I have to disagree about Diamonds and about Kowroski. I thought Diamonds was the low point of the evening. Kowroski will grow into this role, I hope, but she was not up to it last night. She danced it as if Diamonds was Odette or the Dying Swan. (She's learned Odette, that's Russian, so she ought to be able to do this, right?). She lacks the quickness, the turns, the balance, the lines, the attack and the passionate presence for this role. One never felt glamour, edge, icyness, strong presence, one never sat at the front of one's seat. At least it wasn't Darci. I shudder to think what this may look like on her at this point in her career. Sylve's injury has made Diamonds difficult to cast at NYCB. Maria K. was, after all, thrown into this at the last minute instead of the big girl in Rubies, which is a role which suits her and which she knows well.

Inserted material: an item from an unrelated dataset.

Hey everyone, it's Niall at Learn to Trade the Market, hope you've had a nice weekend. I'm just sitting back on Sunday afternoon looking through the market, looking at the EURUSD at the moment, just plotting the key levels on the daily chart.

The ensembles in Diamonds do not represent Balanchine working at the top of his talent, I think. Put the Polonaise at the conclusion of Diamonds next to the Polonaise in Theme and Variations, or next to other Polonaises Balanchine choreographed, for comparison, and you can see that in an instant. In Diamonds, he is working in a craftsmanlike manner, but he is repeating himself in a less than inspired mode. Cobbling something together out of the great classical lexicon. There is a lot in the corps de ballet settings and the minor dances for soloists and demisoloists in Diamonds of which that can be said. The principal roles, however, are gems in every sense. For Diamonds to work they must be danced with edge, sparkle, purity and light. Without those qualities Diamonds as a Ballet just doesn't work.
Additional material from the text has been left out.